HE, in contrast, calculated an energy requirement of 684 kWh delivered by the fuel cell with a hydrogen requirement of 61.6 kg. This is much less energy than the value calculated by Simulink, which is caused by the averaging behaviour used by HE. Within HE, 3590 kWh energy has been used inside the electrolyser for production of 68.3 kg hydrogen. As calculated in HE, 52.6 kWh energy was required for the production of 1 kg hydrogen while Simulink calculated a necessity of 53.21 kWh, which is in good agreement.
Figure 15 shows that the energy produced and consumed (which has been calculated using the same dimensioning of components within Simulink as well as HE) coincides very well. Only the produced PV energy and fuel cell energy differ due to the fact that in Simulink real data instead of averaged data were used.

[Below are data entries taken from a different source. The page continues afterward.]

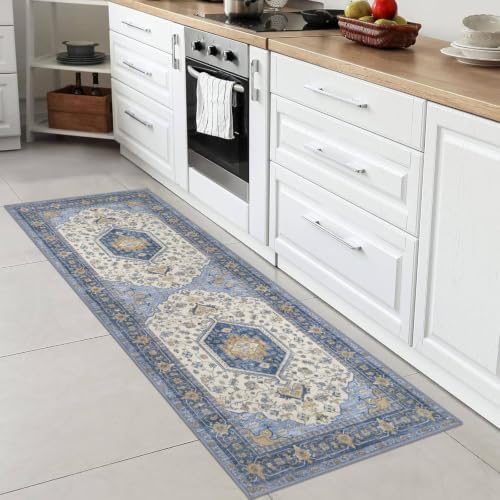 KUTA Runners for Hallways 2x6 Blue Brown Vintage Floral Washable Runner - Image 2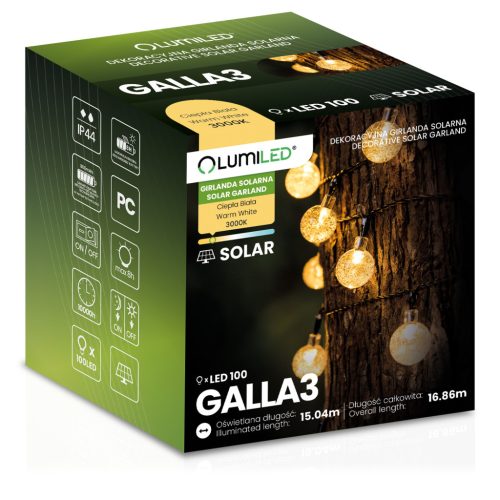 Napelemes kerti girland 100x LED dekoratív gömbök 16,86 m 3000K Meleg GALLA3 LUMILED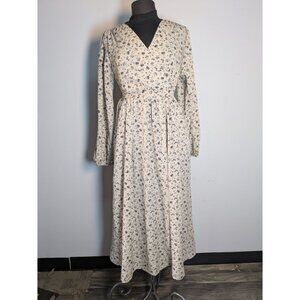 NEW Polygram Floral Cream Maxi Dress V-Neck Wrap Style & Long Sleeves, Size S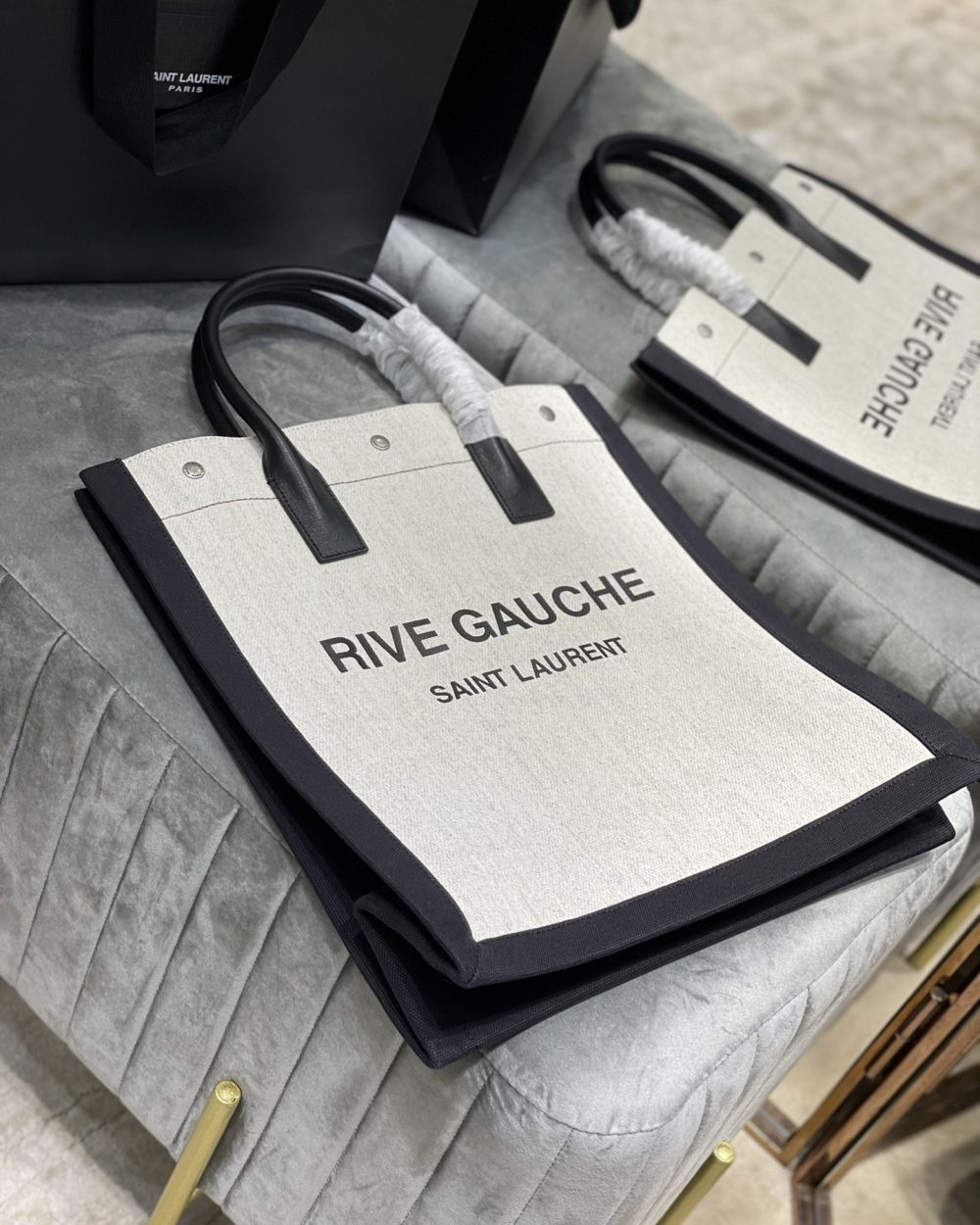 [REP 1:1] Saint Laurent Rive Gauche North/South Tote Bag In Printed Linen For Women 15.3in/39cm YSL 632539FAABR9083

Figure 16 shows the energy flows over one year recorded by simulation. In the first diagram, the overall energy demand (yellow curve) and the energy produced by the PV system (blue curve) are shown. As can be seen, during the winter months the yellow curve is more dominant since the energy demand is higher than the energy provided by the PV system, while in summer the trend is reversed. In the second diagram, the SoC curves of hydrogen (blue curve) and the Li-ion battery (yellow curve) are depicted. The third diagram shows the moments of time when the electrolyser (yellow curve) and the fuel cell (blue curve) are switched on. The last diagram contains three curves: The orange curve represents the energy used inside the electrolyser for hydrogen production while the blue curve displays the energy provided by the fuel cell. Finally, the yellow curve represents the energy flow towards the Li-ion battery (negative value) and the energy supplied by the Li-ion battery (positive value), respectively.

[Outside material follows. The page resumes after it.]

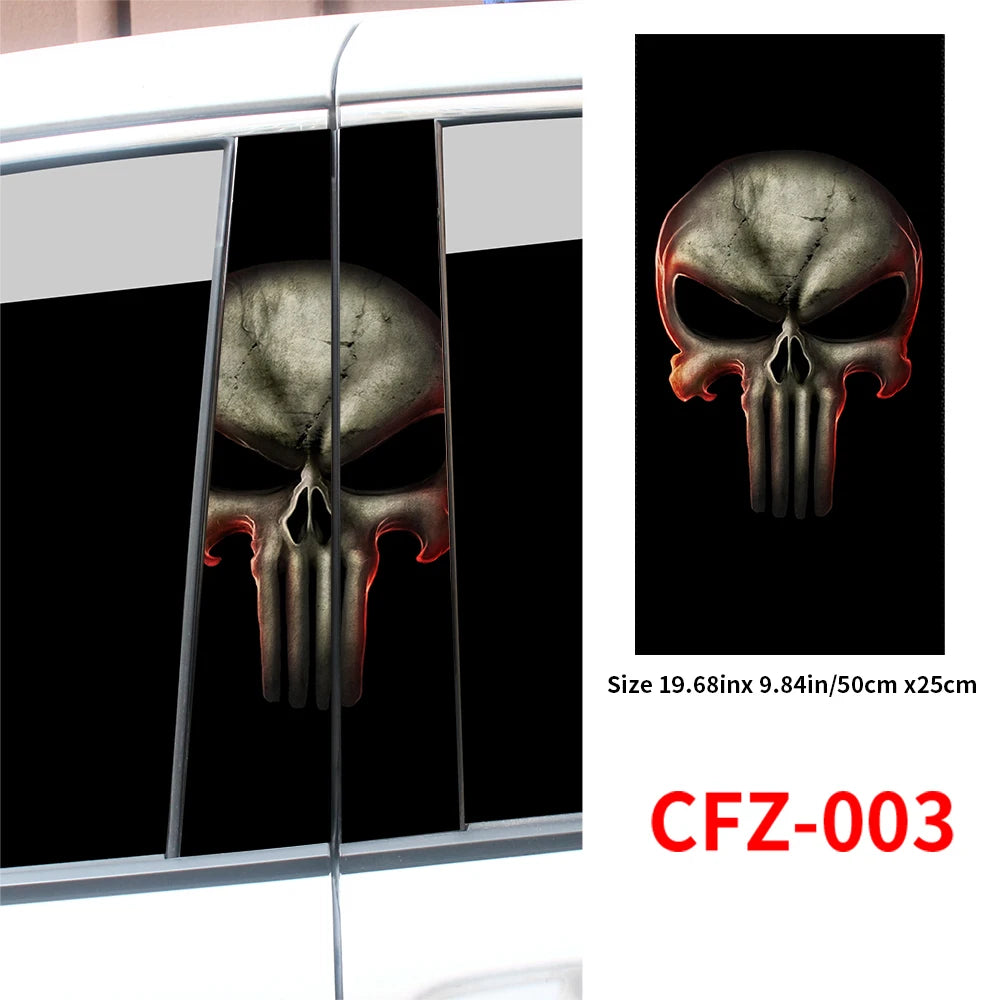 Punisher Skull Stickers Car B-pillar Sticker Waterproof
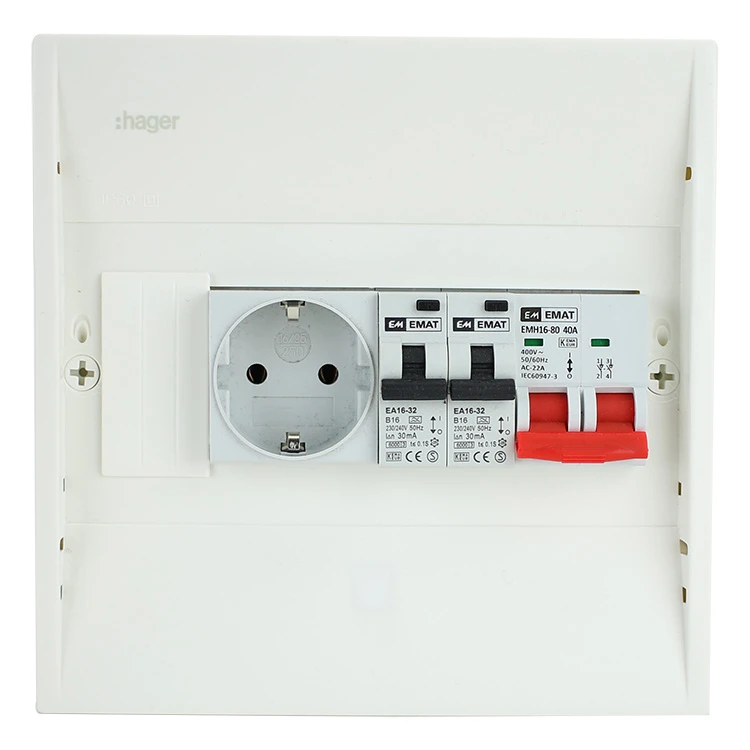 Miniatuur van EMAT PV-verdeler 2x B16 alamat met WCD en hoofdschakelaar (PV0005)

Figure 16 shows that during summer the Li-ion battery with a capacity of 16 kWh has been sufficient to meet the energy demand (this also includes night demand). In contrast, in winter the Li-ion battery often has a low SoC and has been mainly charged by the fuel cell.
Within the Simulink simulation, the electrolyser has been switched on 303 times with an overall operation time of 1781.5 h while the fuel cell was switched on 168 times with an operation time of 801.5 h during the whole year. In contrast, HE calculated an operation time of the electrolyser of 1771 h and 43 starts of the fuel cell over one year with an operation time of 588 h.

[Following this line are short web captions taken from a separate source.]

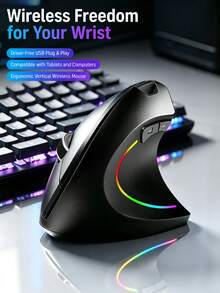 Right Hand Ergonomic Vertical Wireless Mouse, 2.4G & Bluetooth Dual Mode, RGB Light, Silent Click, Adjustable DPI, For Laptop Desktop Office Gaming, Battery Not Included(Battery Not Included) - View 1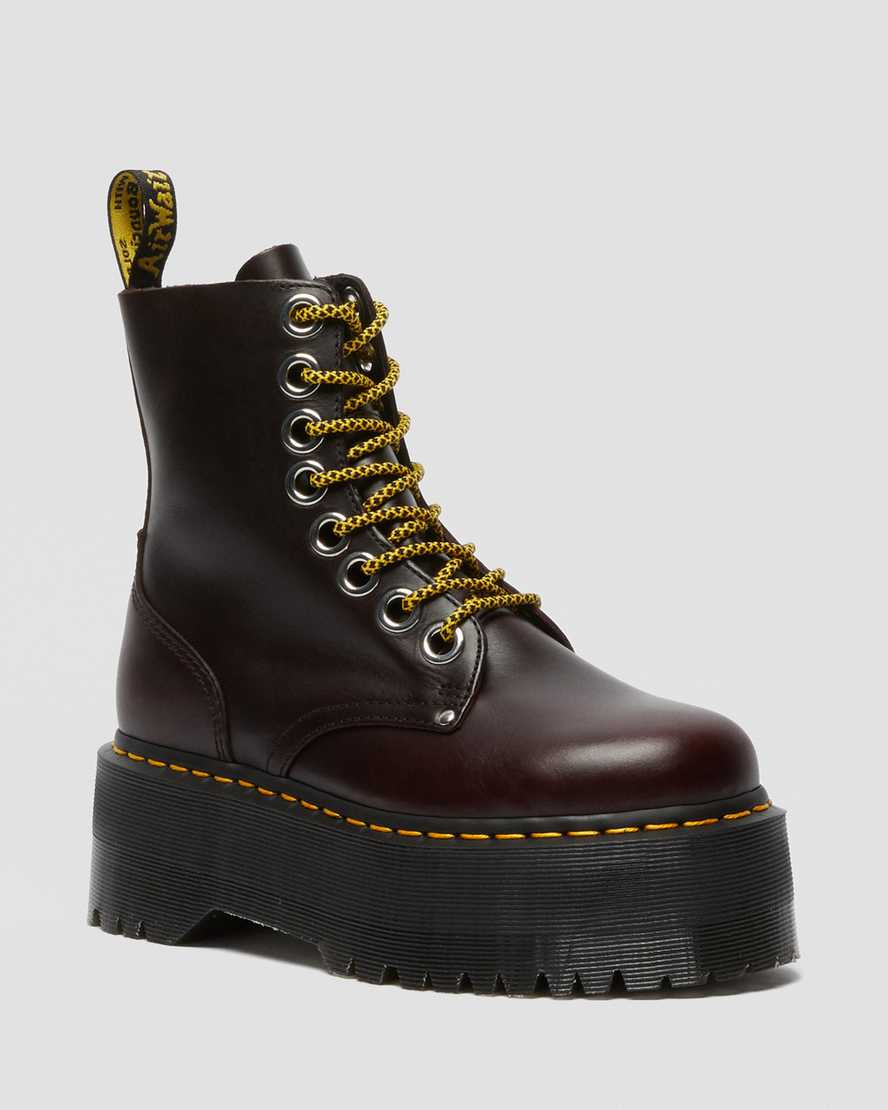 Dr. Martens Jadon Max Deri Kadın Kalın Tabanlı Botlar - Bot Bordo |EQJCD2493|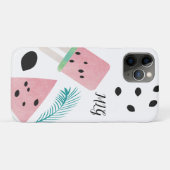 Summer Watermelon Tropical Leaf and Seeds Case-Mate iPhone Hülle (Rückseite (Horizontal))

Figure 17 illustrates how the control system in this simulation approach works. The figure shows a section of the week starting on 10 March and ending on 16 March. This week includes days providing sufficient PV generation to operate the electrolyser as well as days when the fuel cell has to be switched on to cover the remaining energy demand. The system mode (Figure 17c) has five different stages:
  • Stage 1: Initial stage (only occurs at the beginning of the simulation);
  • Stage 2: Li-ion battery charging;
  • Stage 3: Li-ion battery discharging;
  • Stage 4: Electrolyser switched on;
  • Stage 5: Fuel cell switched on.
As can be seen in the first graph of the figure, during the sunshine hours of the first day of the week, the PV power is significantly higher than the power of the load. First, the Li-ion battery is fully charged up to the specified maximum SoC until late morning (Figure 17b). The electrolyser is then switched on to produce hydrogen using surplus PV energy. The electrolyser operates until the load exceeds the PV generation (Figure 17a). The power supplied to the electrolyser can be seen in Figure 17d. During the evening and night hours, the load is covered by the Li-ion battery. On the second day, the procedure is the same. Due to high loads in the night from the second to the third day, the Li-ion battery is discharged down to the specified minimum SoC, which causes the fuel cell to start up at mid-morning on the third day. However, this is only in operation until the PV generation exceeds the actual load. On the fourth day, the Li-ion battery is discharged to the specified minimum SoC and the fuel cell is activated again. On this day, however, the FC is only activated until the Li-ion battery is recharged to a predefined SoC of around 50%. At the bottom part of Figure 17, the power into and out of the Li-ion battery is shown. If the Li-ion battery is being discharged, the power P c m d is positive, and during charging the Li-ion battery, the power P c m d is negative. P c m d is zero as long as the electrolyser is switched on. If the fuel cell is switched on, the power into the Li-ion battery is calculated by:
P c m d = P L o a d P P V P F C
When the heat demand of a household is covered by electricity (heat pumps), a high impact on the load of the household is caused. Assuming future trends, the heat demand will be increasingly covered via electricity [53], which would again lead to a burden on the electricity grid which should be reduced within the context of the energy system approach. When endeavouring for energy autonomy of households, the heat demand should be considered as is it has been done in this approach. However, taking the heat demand into account leads to a significant increase in hydrogen storage and production requirements. The hydrogen demand increases from 24.07 kg to 73.52 kg (205% increase) when the heat demand of 4000 kWh/a is considered. In return, 91.07 kg hydrogen instead of 80.50 kg hydrogen has been produced when neglecting the heat demand. In the example presented, a well-insulated house with a correspondingly low heat demand of 4000 kWh/a was selected. If the heat demand of the household has to be doubled to 8000 kWh/a, the hydrogen demand would increase to 161.23 kg, which corresponds to an increase of 119% (in comparison to a heat demand of 4000 kWh/a).

7. Conclusions

The scope of this study was to present a verified hybrid energy system model created in Simulink which can be used to prospectively size future similar energy systems where hydrogen in combination with a Li-ion battery shall be used as the energy storage type. The comparison with HOMER Energy shows that the Simulink model developed calculates realistic solutions and therefore can be used to give profound suggestions for the sizing of such energy systems. With such a Simulink model, profitability analyses and lifetime analyses are possible. The consideration of 365 days plays an important role in order to make statements about the system sizing. Since the system components influence each other, it is only possible to analyse the direct influence of different parameter variations on the basis of such a simulation via the implementation of complex parameter studies. These studies will be focussed in future research work.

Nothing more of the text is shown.